Taking a glance through the musical back pages of 1969, it’s hard to escape the conclusion that it was one of the great years for the 45. They were still selling in shedloads and would continue to do so for many years to come.
In 1969, there was a huge and diverse array of styles available to pop-pickers with the Beatles, the Stones and Motown still the yardstick by whom all others were measured. And as this list demonstrates, the opposition certainly upped their game to produce some of the most memorable records of not just 1969, but the decade as a whole. Here is my choice of the greatest singles of 1969.
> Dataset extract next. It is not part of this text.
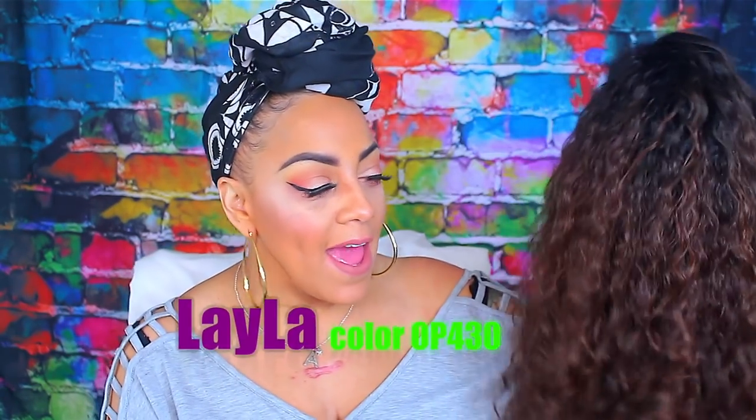It's time for a synthetic lace front wig. This one is by the company called Free Tress Equal — you can pick this one up at samsbeauty.com. It's really long but I like it because it has these really pretty beachy waves. I like the color variation in it, I like the way the lace is, and it's very affordable. This one right here is called Layla, and she is really pretty.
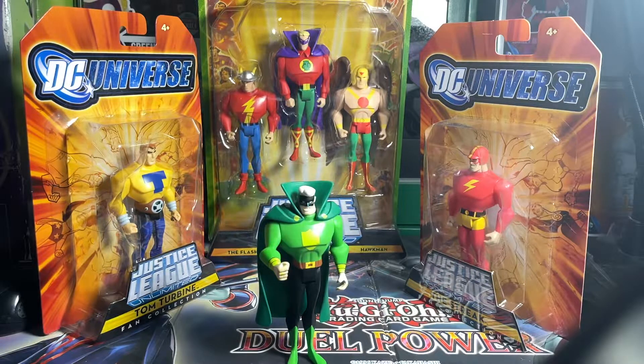They got all the details right and they didn't mess up the eyes. That's amazing — some of the other characters, and I'll mention it when I do Tom and Turbine later, they mess up the eyes a lot. It's actually kind of creepy.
12. The Beatles – Get Back
Famously premiered when the Fabs played live on the roof of their Apple building, “Get Back” was composed by Paul McCartney and as part of the group’s back to basics period, has so few chords it makes Status Quo look like the Grateful Dead. The record is ample proof however, of their credentials as a rock’n’roll band just as popular music was edging towards a harder rock sound.
Credited as The Beatles with Billy Preston, the song certainly benefits from Preston’s funky electric piano, and after a spell of comparatively thin fare for Beatles fans, “Get Back” crashed straight into number one in April, remaining at the top for six weeks, whereupon it was almost immediately replaced by Lennon’s “The Ballad of John and Yoko”.
11. Bob Dylan – Lay Lady Lay
Post motorcycle crash Dylan channelled his inner Hank Williams and emerged as a honey-voiced country crooner on the Nashville Skyline album. This was the single, a tender evocation of domestic bliss that even those who normally couldn’t stand the man’s voice, fell for. “Lay Lady Lay” made the top five in the UK, attracted numerous cover versions and has no doubt, graced many a bedroom.
10. Booker T. & the MG’s – Time is Tight
Gloriously evocative instrumental from the house band that underpinned so many deathless classics on the Stax label by the likes of Otis Redding and Wilson Pickett. The peerless rhythm section of Al Jackson on drums (try listening to his work here without playing air drums) and bassist Donald “Duck” Dunn find their tightest groove and its all driven by Booker T Jones iconic Hammond organ and the great Steve Cropper on lead guitar.
9. Desmond Dekker & the Aces – Israelites
A hugely important and influential record in the history of Jamaican music, “Israelites” was the first reggae song to top the charts in the UK, even if many who bought the record didn’t understand the lyrics.
Dekker himself explained their meaning best. “It’s about how life was in Jamaica, how we were all downtrodden, just like the Israelites who Moses led to the promised land.” “Israelites” was a song of hope however. “I was telling people not to give up as things would get better,” Dekker explained. “Israelites” opened the door in the short term for other reggae acts like The Intruders and The Pioneers and more enduringly for Jimmy Cliff and Bob Marley and the Wailers, while The Specials also credit Dekker as a big influence.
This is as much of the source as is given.